Thursday, February 14, 2013

Consider the Cross: Day 1

I have a longer post coming about the Lenten season, but I am going to be posting 40 days of Lenten blurbs from my book, Consider the Cross. If this gets you excited for more, go snag your copy of the ebook, or email me about how to get the book if you don't have a Kindle.

John 12:2-3  So they gave a dinner for Jesus there. Martha served, and Lazarus was one of those reclining with him at the table. Mary therefore took a pound of expensive ointment made from pure nard, and anointed the feet of Jesus and wiped his feet with her hair. The house was filled with the fragrance of the perfume.

It was the end of the summer, as I remember it. A long table was set with candles. Music played and the sound of cicadas thrummed even through the closed windows. Eight to ten of us gathered around the table.

I do not remember food or the details of our conversation. I do remember the contours of faces lit by flickering flames. The fullness of real intimacy. A sense of longing for the hours to stretch long, and longer still .

This was a last supper of sorts. Kathi, the woman who had put up with a ragtag group of high school girls for the past year, was leaving. She had spent a full year of her life with us, taking us to and from school, on retreats, leading weekly Bible studies, and generally putting up with all of our 16-year-old drama. (Which was, as you may imagine, a lot.) I think she asked us about our dreams, our goals, where we saw each other in ten years.

I cannot remember the small dreams I might have shared around that table.Twenty years later, I'm not sure I am where I thought I'd be, but I am more than content. The words of the night are not what matter--the sense of intimacy and fellowship has carried through the years in my memory, one of my favorite dinners I remember.

The house was filled with the fragrance of the perfume.

Another time, another dinner. Candles because there were no electric lights, but maybe they would have used candles anyway. Friends reclining around the table for long hours.

This was not Jesus' last supper, but I think of it this way. For the day after this meal, he will enter Jerusalem. His friends did not realize what was ahead, but Jesus did. He had tried to tell them: I will be handed over and crucified. But they couldn't, or wouldn't, hear it. The next day begins the slow march toward the cross.

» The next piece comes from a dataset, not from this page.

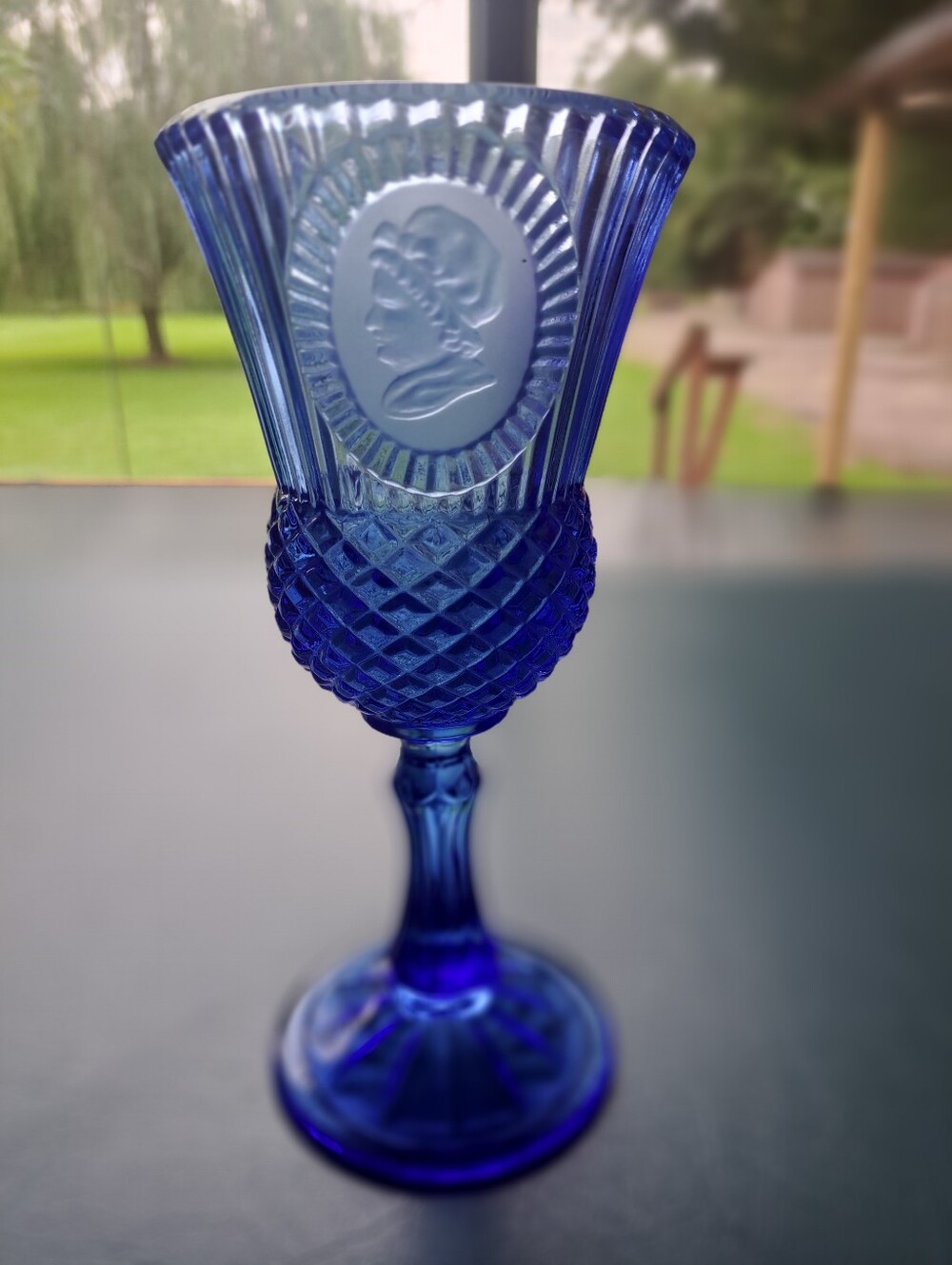 Avon Martha Washington Cobalt Blue Vintage-Style Pressed Glass Goblet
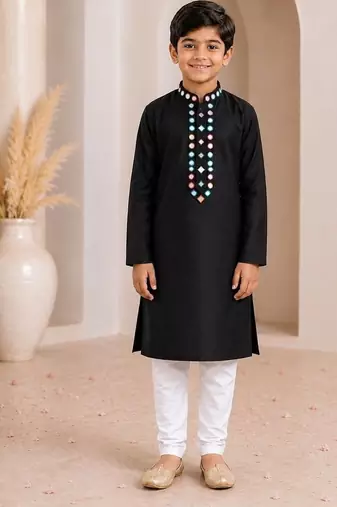 Black cotton stitched  mirror work boys kurta pyjama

They reclined with him at the table. 

A common question asked as an ice breaker: If you could invite anyone to dinner, who would it be? Christians, sometimes without thinking really, would say Jesus. I always roll my eyes at that answer, because it seems so church-y. I don't know about you, but there are plenty of places where Jesus does and says things in the Bible that make me uncomfortable. I might have to clean up my act a little, or clean my house a little more if he came.

But when I think of Jesus that way, I am not thinking of the Jesus who reclined around the table with friends. The picture we get of this night is that of intimacy and fellowship, the same kind of feeling I remember from my dinner with Kathi and the girls in my Bible study years ago.

There will be feasting in heaven, and I imagine that there might be room for both joyous, exuberant feasts, and more quiet, intimate meals. I think of these men who reclined with Jesus at the table, and of Jesus who says, "To all who are hungry, come! To all who are thirsty, come!"

There are places at the table for us. If you aren't sure you know the way, Jesus said that he himself is the way. There is not a formula or a map, but there is the person of Jesus, calling you into fellowship with God through his redeeming work on the cross. He took your place there to make the way for you, to make a seat at the table.

Come to the table. Come and eat. Let the house of God be filled with the fragrance of perfume, the light of candles, and the sound of rejoicing and intimate conversation.